Entries taken from a collection
* * * * * * *

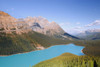 Peyto Lake, Banff National Park, Alberta, Canada PosterPrint - Item # VARDPI1801102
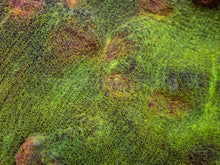 Carregar imagem no visualizador da galeria, Galactic Invader Chalice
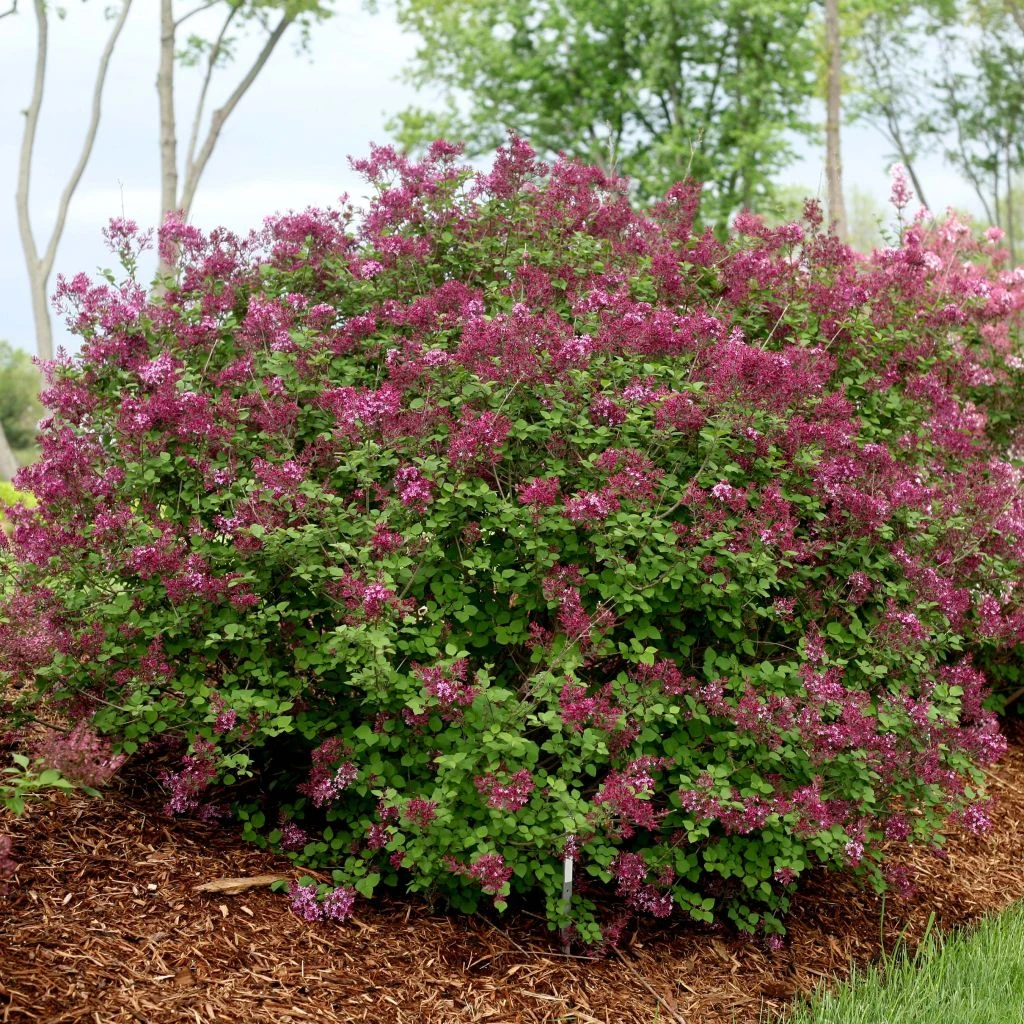 Lilas Bloomerang Dark Purple - Syringa Nain Hybride Remontant 1 Lilas Bloomerang Dark Purple - Syringa Nain Hybride Remontant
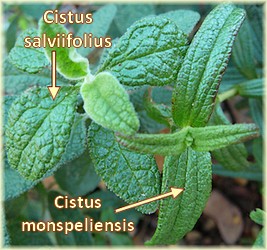 Cistus salviifolius vs Cistus monspeliensis - Flore des Calanques - L`Herbier de Loulou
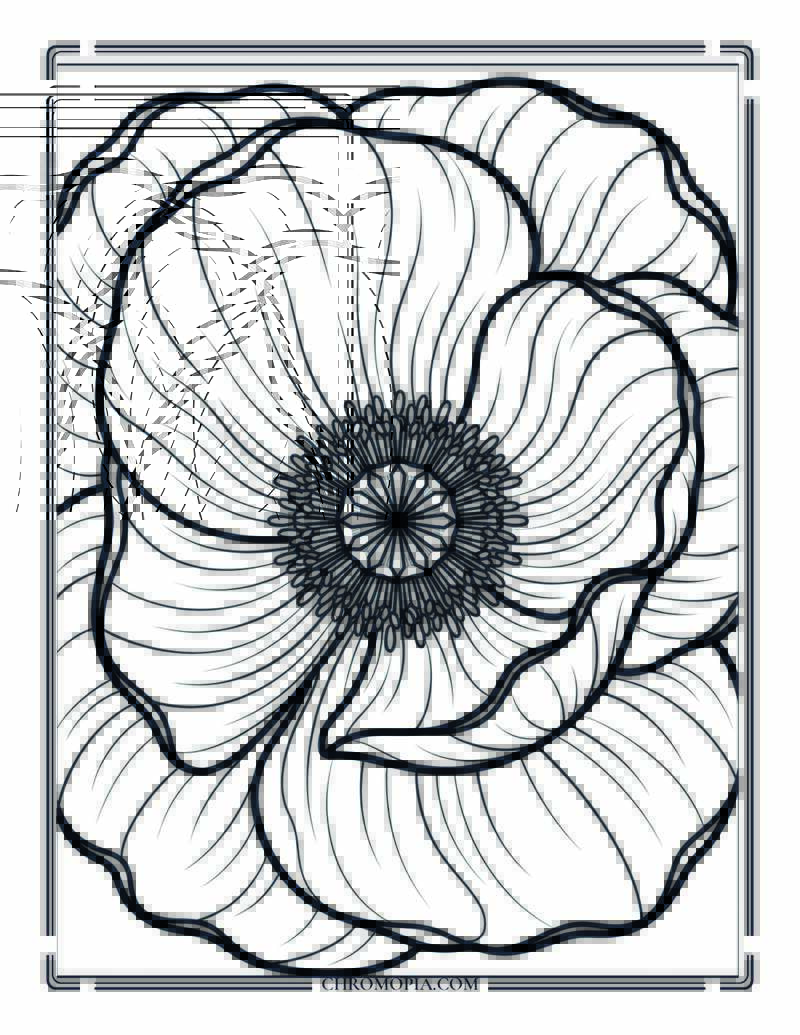 Georgia O Keeffe Style Flower Close Up Artist Appreciation Coloring Page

* * * * * * *

Exact repeats of the lines from the first one in the data through the line containing "Lilas Bloomerang Dark Purple - Syringa Nain Hybride Remontant 1" make up the answer. Pictures do not.

● **Finished task**
 Peyto Lake, Banff National Park, Alberta, Canada PosterPrint - Item # VARDPI1801102
 Carregar imagem no visualizador da galeria, Galactic Invader Chalice
 Lilas Bloomerang Dark Purple - Syringa Nain Hybride Remontant 1 Lilas Bloomerang Dark Purple - Syringa Nain Hybride Remontant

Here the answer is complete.